**Data extract:**
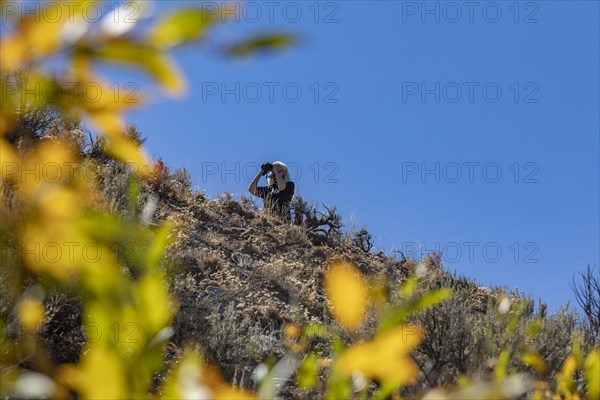 Woman using binoculars to search for wildlife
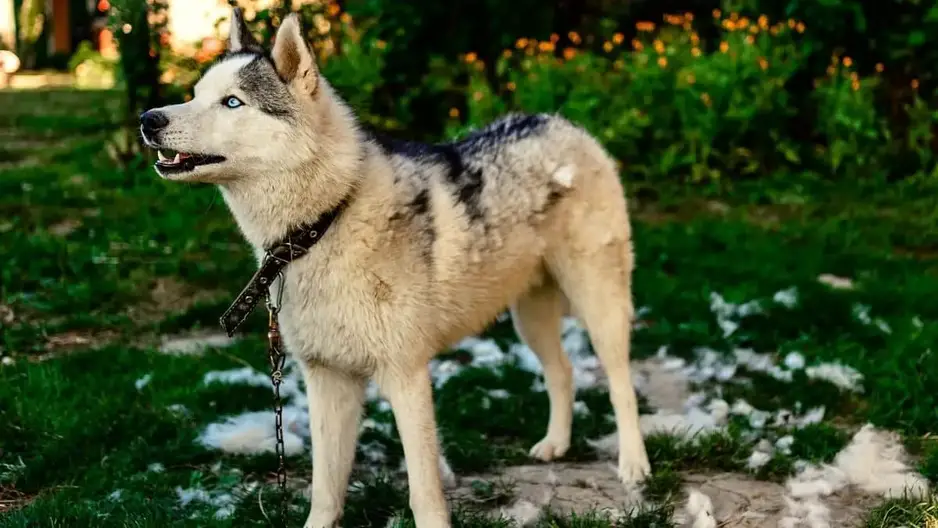 how do i stop my husky from shedding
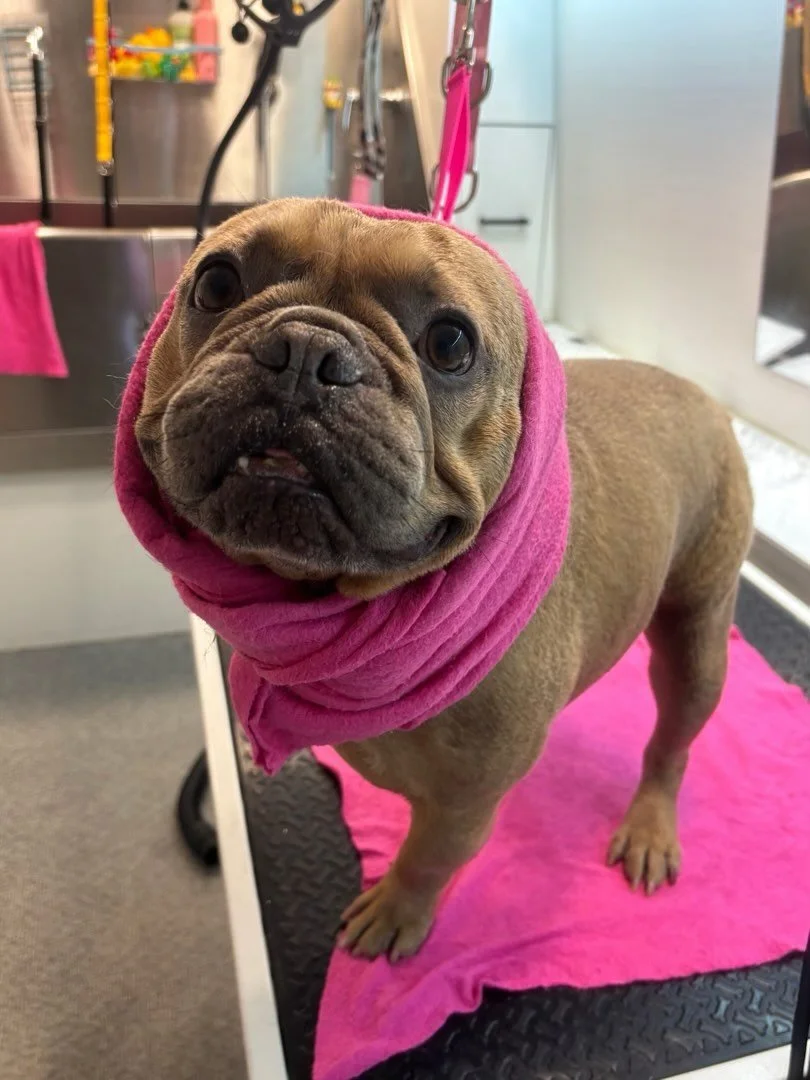 Nothing like a warm bath on a chilly day, aaaah 🥰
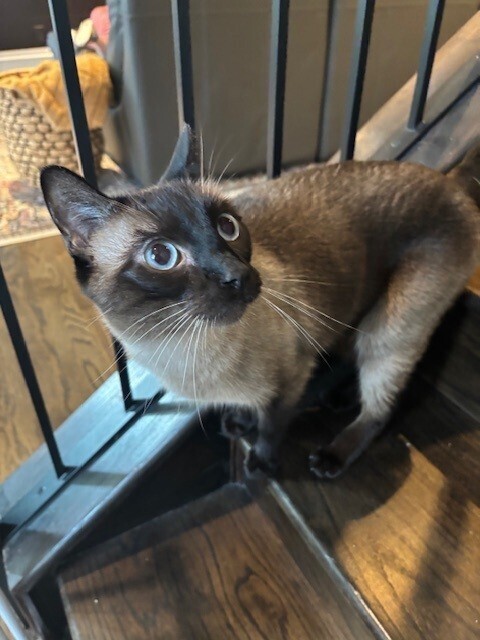 Finn declawed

**Aim of the task:**
In full and without error, repeat the listing above, omitting its images.

**Answer section:**
 Woman using binoculars to search for wildlife
 how do i stop my husky from shedding
 Nothing like a warm bath on a chilly day, aaaah 🥰
 Finn declawed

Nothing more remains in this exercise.